A packed residents’ meeting in Addington this week heard of developer plans to build 300 homes on Green Belt land at the bottom of Gravel Hill.

Conservative councillor Jason Cummings told an audience of more than 100 people at the annual meeting of the Addington Residents’ Association on Tuesday night that Persimmon Homes’ proposal to develop Huntingfield, the four fields between Addington Village bus and tram interchange and Featherbed Lane, was “a real enquiry”.

Persimmon Homes recently reported a 40 per cent increase in their sales over a year ago, which they attributed to the ConDem Government’s Help to Buy Scheme.

Addington residents resisted plans for a hypermarket on the site in the early 1980s and a Sainsbury’s in 1993, but even strong opposition this time around might not be enough to overcome the Conservative-led government’s national policy for house building.

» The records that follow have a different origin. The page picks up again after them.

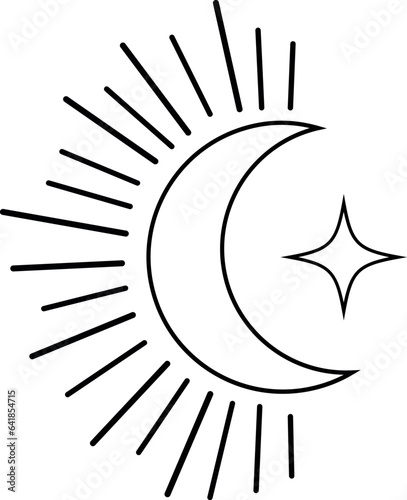 Moon symbol esoteric line art icon. © Nastia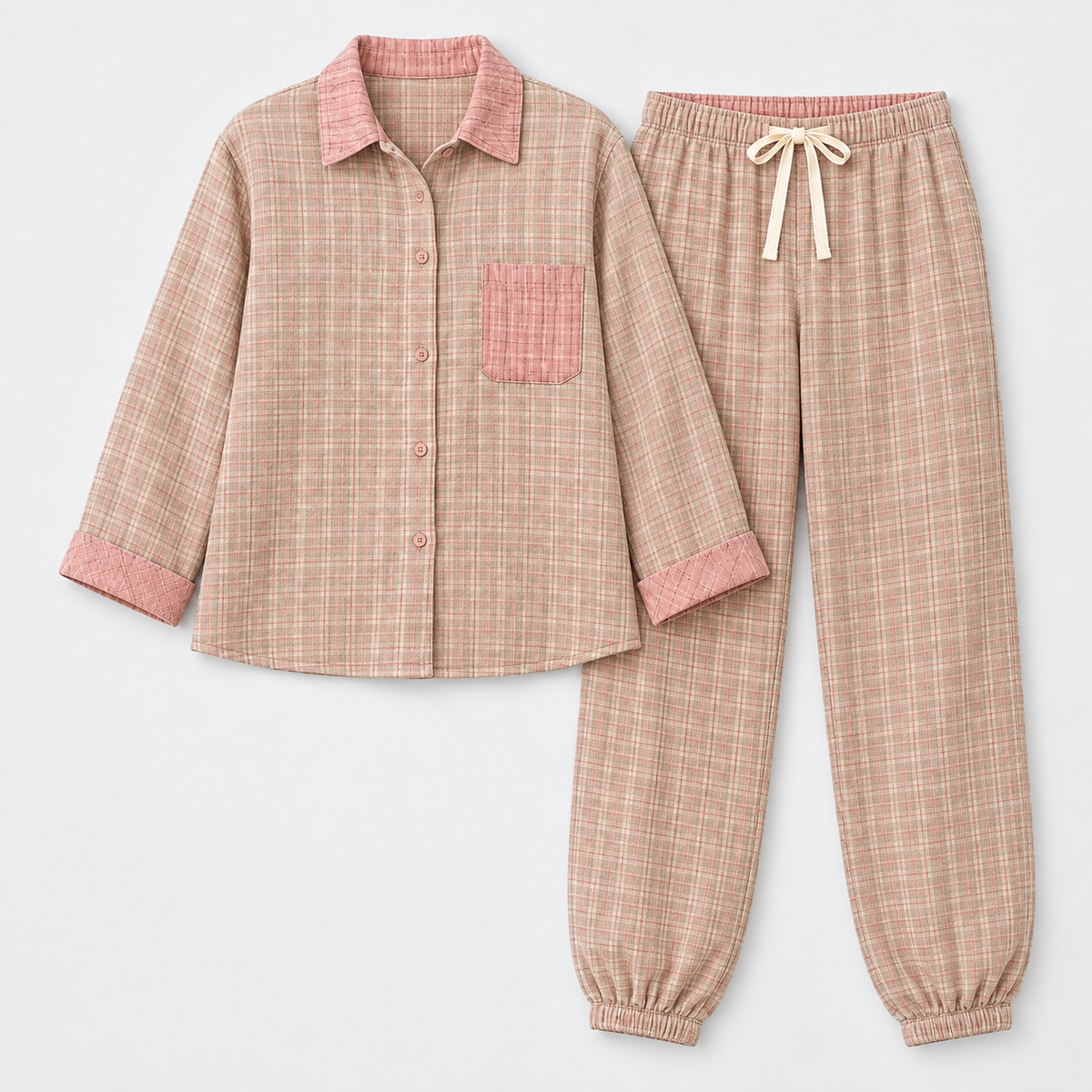 Marguerite | Checked Gauze Pajama Set
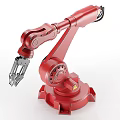 Red Industrial Robotic Arm With Mechanical Gripper And Control Panel 3d model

The arrival of Tramlink, the expansion of the petrol station on Selsdon Park Road into a Marks and Spencer’s retail outlet, the decimation of the beeches in neighbouring Addington Park and the creation of a National Grid complex on one of the fields has all served to undermine the “green” feel to the area.

No formal planning application is yet with the local authority, but the residents are wary of a large development which would come close to linking suburban development from New Addington to Addington and Addington Village.